De Unie zal dit standpunt volgende week inbrengen op een VN-conferentie in het Mexicaanse Monterrey. Zij blijft met haar streefdoel overigens nog steeds onder het niveau van 0,7 procent dat enkele decennia geleden al door de Verenigde Naties als richtsnoer is vastgelegd. Eurocommissaris Nielson zei donderdag dat het akkoord „een sterke basis voor leiderschap” verschaft bij de komende besprekingen.
Volgens de nieuwe afspraken moeten de lidstaten die nu onder het beoogde percentage zitten hun begroting op het betrokken beleidsgebied bijstellen tot in ieder geval 0,33 procent.

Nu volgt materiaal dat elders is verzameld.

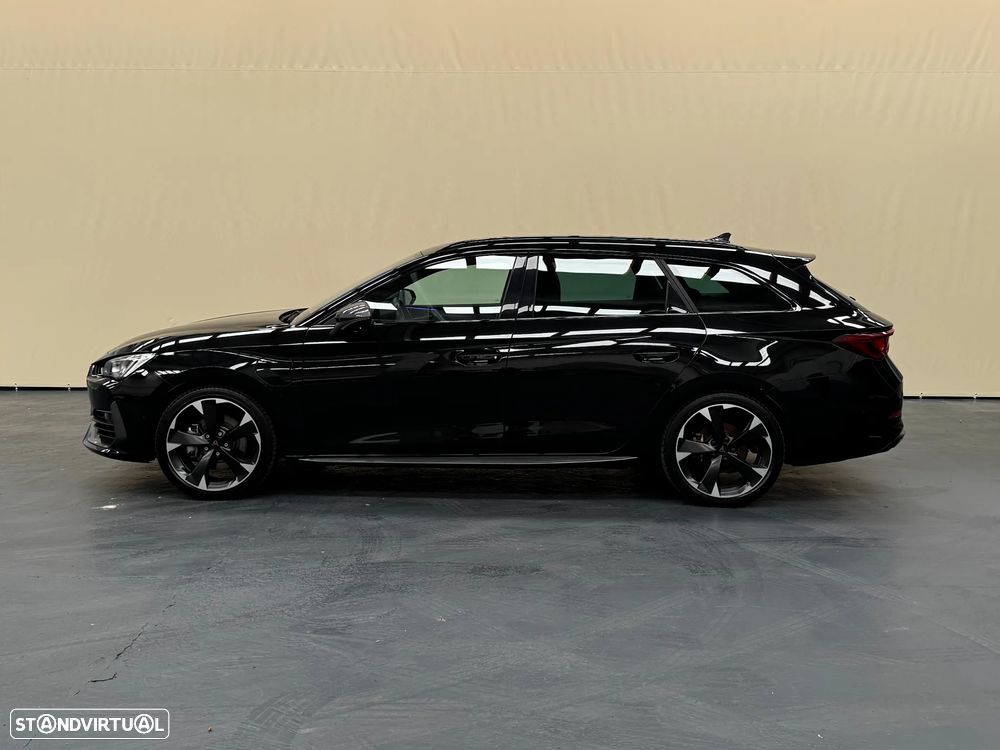 Cupra Leon ST 1.4 e-Hybrid MID DSG - 3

De landen die reeds meer dan 0,39 procent bijdragen, zullen dat blijven doen of hun financiële inspanningen verder vergroten.
Duitsland besteedt tot dusver slechts 0,27 procent van het bbp aan hulp voor de derde wereld. De regering van bondskanselier Schröder heeft zich lange tijd verzet tegen duurdere verplichtingen op dit vlak. Zij wijst erop dat de begrotingssituatie, met een tekort dat de in het kader van het stabiliteitspact maximaal toegestane 3 procent nadert, eigenlijk geen uitbreiding van het budget toelaat.
Italië en Griekenland trekken met respectievelijk 0,13 en 0,20 procent nog minder uit. De beste prestaties leveren Denemarken (1,06 procent), Nederland (0,82 procent), Zweden (0,80 procent) en Luxemburg (0,7 procent). Boven op de nationale middelen wordt er door de EU vanuit de gemeenschappelijke kas 4,8 miljard euro ingezet voor hulpprogramma’s. Mondiaal gezien is het blok van de vijftien partners daarmee de belangrijkste donateur.